== Segment start ==
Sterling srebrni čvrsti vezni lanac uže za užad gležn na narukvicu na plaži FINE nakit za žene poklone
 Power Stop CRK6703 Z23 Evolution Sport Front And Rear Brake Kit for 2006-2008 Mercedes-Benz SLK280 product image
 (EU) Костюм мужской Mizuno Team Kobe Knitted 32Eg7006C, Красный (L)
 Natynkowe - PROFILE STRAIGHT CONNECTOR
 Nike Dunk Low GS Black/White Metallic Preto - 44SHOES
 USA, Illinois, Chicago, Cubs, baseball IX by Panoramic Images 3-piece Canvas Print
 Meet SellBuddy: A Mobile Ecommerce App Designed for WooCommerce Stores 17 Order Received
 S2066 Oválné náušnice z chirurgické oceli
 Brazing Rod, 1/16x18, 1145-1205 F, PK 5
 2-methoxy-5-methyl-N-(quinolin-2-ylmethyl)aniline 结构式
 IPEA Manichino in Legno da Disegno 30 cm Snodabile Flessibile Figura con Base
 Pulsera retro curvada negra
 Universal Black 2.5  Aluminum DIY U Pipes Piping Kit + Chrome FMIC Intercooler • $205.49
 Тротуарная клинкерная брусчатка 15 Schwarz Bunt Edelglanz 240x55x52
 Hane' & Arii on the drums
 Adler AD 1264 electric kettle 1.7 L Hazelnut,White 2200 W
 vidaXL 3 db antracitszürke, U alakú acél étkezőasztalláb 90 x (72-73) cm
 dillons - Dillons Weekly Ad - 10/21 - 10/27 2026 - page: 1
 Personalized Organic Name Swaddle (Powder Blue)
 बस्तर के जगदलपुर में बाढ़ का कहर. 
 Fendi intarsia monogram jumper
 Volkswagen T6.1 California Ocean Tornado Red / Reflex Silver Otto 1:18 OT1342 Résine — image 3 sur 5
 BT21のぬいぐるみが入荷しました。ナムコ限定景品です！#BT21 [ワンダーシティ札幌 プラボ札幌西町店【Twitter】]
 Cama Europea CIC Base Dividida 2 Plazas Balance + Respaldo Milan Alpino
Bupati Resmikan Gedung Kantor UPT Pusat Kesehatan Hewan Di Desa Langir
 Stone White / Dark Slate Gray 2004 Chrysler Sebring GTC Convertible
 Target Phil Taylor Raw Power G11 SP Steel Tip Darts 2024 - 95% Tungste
== Segment end ==
→ **INSTRUCTIONS TO FOLLOW**
Transcribe the listing above verbatim.

→ **SOLUTION**
Sterling srebrni čvrsti vezni lanac uže za užad gležn na narukvicu na plaži FINE nakit za žene poklone
 Power Stop CRK6703 Z23 Evolution Sport Front And Rear Brake Kit for 2006-2008 Mercedes-Benz SLK280 product image
 (EU) Костюм мужской Mizuno Team Kobe Knitted 32Eg7006C, Красный (L)
 Natynkowe - PROFILE STRAIGHT CONNECTOR
 Nike Dunk Low GS Black/White Metallic Preto - 44SHOES
 USA, Illinois, Chicago, Cubs, baseball IX by Panoramic Images 3-piece Canvas Print
 Meet SellBuddy: A Mobile Ecommerce App Designed for WooCommerce Stores 17 Order Received
 S2066 Oválné náušnice z chirurgické oceli
 Brazing Rod, 1/16x18, 1145-1205 F, PK 5
 2-methoxy-5-methyl-N-(quinolin-2-ylmethyl)aniline 结构式
 IPEA Manichino in Legno da Disegno 30 cm Snodabile Flessibile Figura con Base
 Pulsera retro curvada negra
 Universal Black 2.5  Aluminum DIY U Pipes Piping Kit + Chrome FMIC Intercooler • $205.49
 Тротуарная клинкерная брусчатка 15 Schwarz Bunt Edelglanz 240x55x52
 Hane' & Arii on the drums
 Adler AD 1264 electric kettle 1.7 L Hazelnut,White 2200 W
 vidaXL 3 db antracitszürke, U alakú acél étkezőasztalláb 90 x (72-73) cm
 dillons - Dillons Weekly Ad - 10/21 - 10/27 2026 - page: 1
 Personalized Organic Name Swaddle (Powder Blue)
 बस्तर के जगदलपुर में बाढ़ का कहर. 
 Fendi intarsia monogram jumper
 Volkswagen T6.1 California Ocean Tornado Red / Reflex Silver Otto 1:18 OT1342 Résine — image 3 sur 5
 BT21のぬいぐるみが入荷しました。ナムコ限定景品です！#BT21 [ワンダーシティ札幌 プラボ札幌西町店【Twitter】]
 Cama Europea CIC Base Dividida 2 Plazas Balance + Respaldo Milan Alpino
Bupati Resmikan Gedung Kantor UPT Pusat Kesehatan Hewan Di Desa Langir
 Stone White / Dark Slate Gray 2004 Chrysler Sebring GTC Convertible
 Target Phil Taylor Raw Power G11 SP Steel Tip Darts 2024 - 95% Tungste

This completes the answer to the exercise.